La causa del mundo y su belleza es, entonces,
necesariamente inteligente, y son buenas las cosas que placen pura y
simplemente a una cualquiera de nuestras tendencias, y son bellas las que
placen a la vista y al oído. Lo bello corresponde tan sólo a nuestras potencias
superiores, y el placer de la belleza es un placer de las facultades superiores
ordenadas al conocimiento, y se refiere, por consiguiente, al aspecto o al
conocimiento del objeto en el cual aquellas tendencias puedan hallar un
descanso. Cuando place la belleza, y esto no es nada nuevo, sensaciones de otra
naturaleza -hablo del caso particular de las artes
plásticas- pueden acompañar a las visuales y obrar sobre éstas en una especie
de mezcla de impresiones que disponen, sin duda alguna, para experimentar mejor
el goce de mirar.
Es claro, también, que las sensaciones que el hombre
experimenta fuera de sus facultades superiores, carecen por sí solas de valor
alguno estético, como las sensaciones visuales por sí solas no pueden
constituir una verdadera sensación de belleza. Para que haya belleza se precisa
el conocimiento de algo inteligible, y la percepción de esa belleza es una
percepción del orden, de la armonía consustancial con la idea que se encarna en
la materia; idea que, gracias a que es armónica, brilla sobre las partes
proporcionadas. Consecuentemente, entonces, se desprende que, siendo la
inteligencia a la que puede crear o percibir la armonía, el placer de la
belleza es un placer de la inteligencia.
Siempre en este mismo marchar por los caminos trazados por
Santo Tomás, se puede repetir aquello que el santo considera como caracteres
indispensables a toda belleza. Dice Santo Tomás que los caracteres
indispensables a toda belleza son el resplandor o claridad, la armonía o
proporción; la integridad. Quiere decir entonces que la belleza de una parte
cualquiera se considera en la proporción de su todo, y San Agustín dice que
"toda parte que no conviene en su todo, es viciosa", lo que abona en
el sentido de que el todo no puede existir si no está compuesto de partes que
le son proporcionadas, y la buena disposición de las partes se toma por su
comportamiento con el todo. De ahí que la belleza sea una relación constante de
proporciones, iluminada por su forma.
Existen para cada arte reglas indispensables, a fin de que
la obra corresponda a la categoría a que pertenece, como existen reglas
generales que se aplican a todas las obras pertenecientes a las bellas artes.

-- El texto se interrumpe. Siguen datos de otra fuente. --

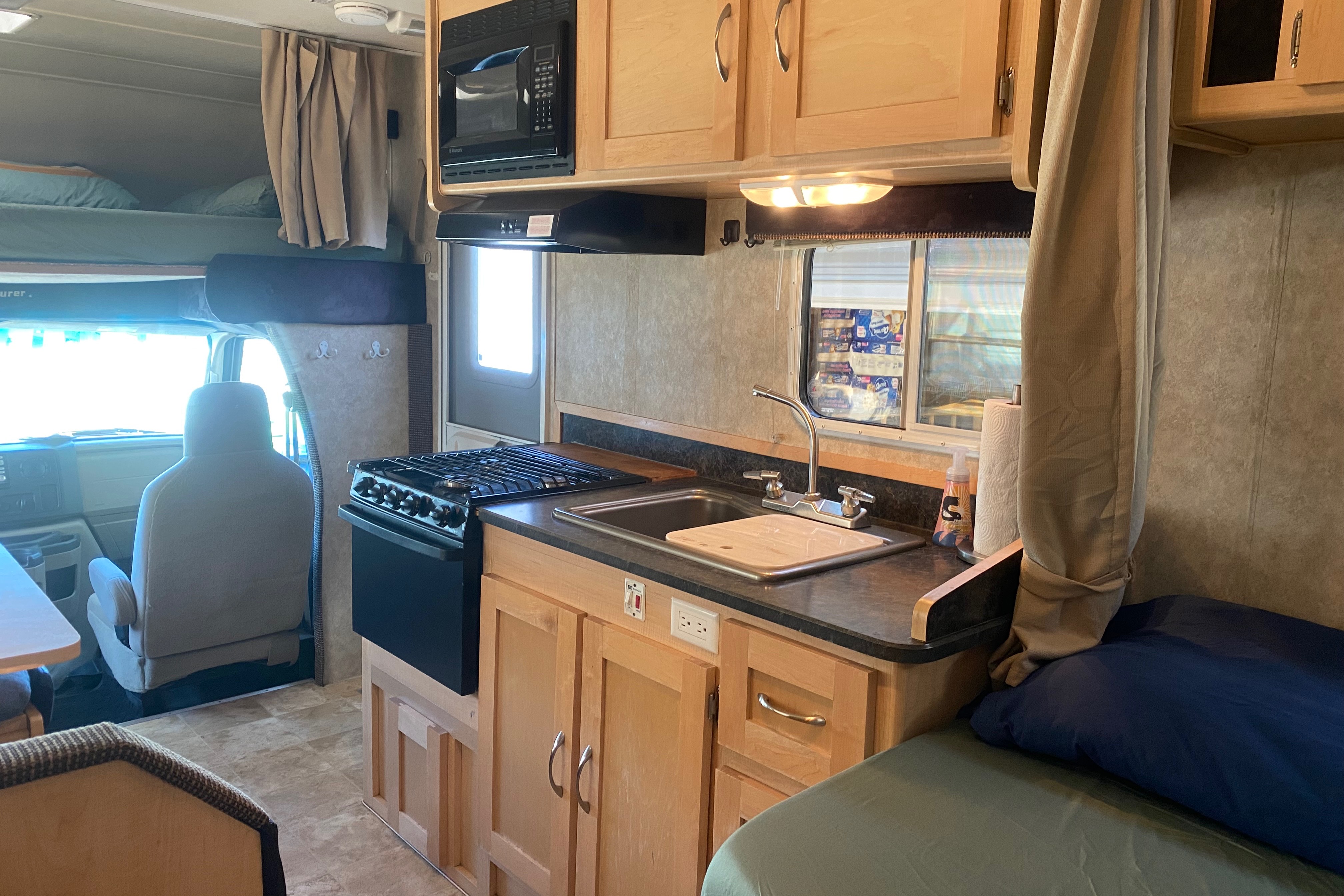 Fleet #C3 Mid-size Class C – Great Value for Families & Friends (Sleeps 3 Adults, 2 Children)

Estas obras, conforme a las anotaciones anteriores, requieren la unidad, la
armonía, y el resplandor resultante de esta misma armonía, porque los cánones,
las reglas, las proporciones, son únicamente funciones de la misma obra. La
belleza, la recreación en fin, porque sin ello el problema estaría agotado con
la primera formulación, debe ser viviente, y si la belleza es viviente, el
arte, servidor de la belleza, también lo es. Para ello se requiere que la obra
de arte sea animada; que se construya y organice según una idea directriz
tomada de la realidad por abstracción, porque la belleza no está conformada a
un cierto tipo ideal e inmutable, ya que, ni conocimiento sólo, ni sola
delectación juzgan la belleza.
En resumen, el artista obra mediante una forma; una idea
que le sirve siempre de modelo para la recreación, una forma tranquila que, al
ser representada, contagia la obra por el resplandor de la forma, por la
luminosidad del ambiente y, sobre todo, por la animación de la imagen.

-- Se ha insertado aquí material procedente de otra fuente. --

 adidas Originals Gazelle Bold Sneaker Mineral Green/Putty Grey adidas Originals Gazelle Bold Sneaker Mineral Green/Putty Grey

Empero, para ser viviente no se precisa movimiento de
formas, de líneas o color que son expresiones exteriores, sino volcar en cada
pedazo de la materia recreada un pedazo del espíritu del artista. Es natural
que el movimiento exterior de formas, líneas o color, pueda enriquecer la obra
y agrandar la idea, pero no es indispensable, y estorba, en cambio, todo
movimiento que, exagerado o no, rompa la unidad. Las obras de arte no son
bellas por una manera vieja o nueva de expresar una idea, pues, como se ha
dicho, los cánones, las reglas, las proporciones, son funciones de la obra
misma, y las obras son bellas a su manera, y no respecto a cualquier forma
antigua o nueva u original. Si el arte ha de ser viviente para que resplandezca
la belleza, el artista debe buscar siempre servir una idea viviente, es decir,
crear con su época, vivir con su época y servir a la eternidad con su época.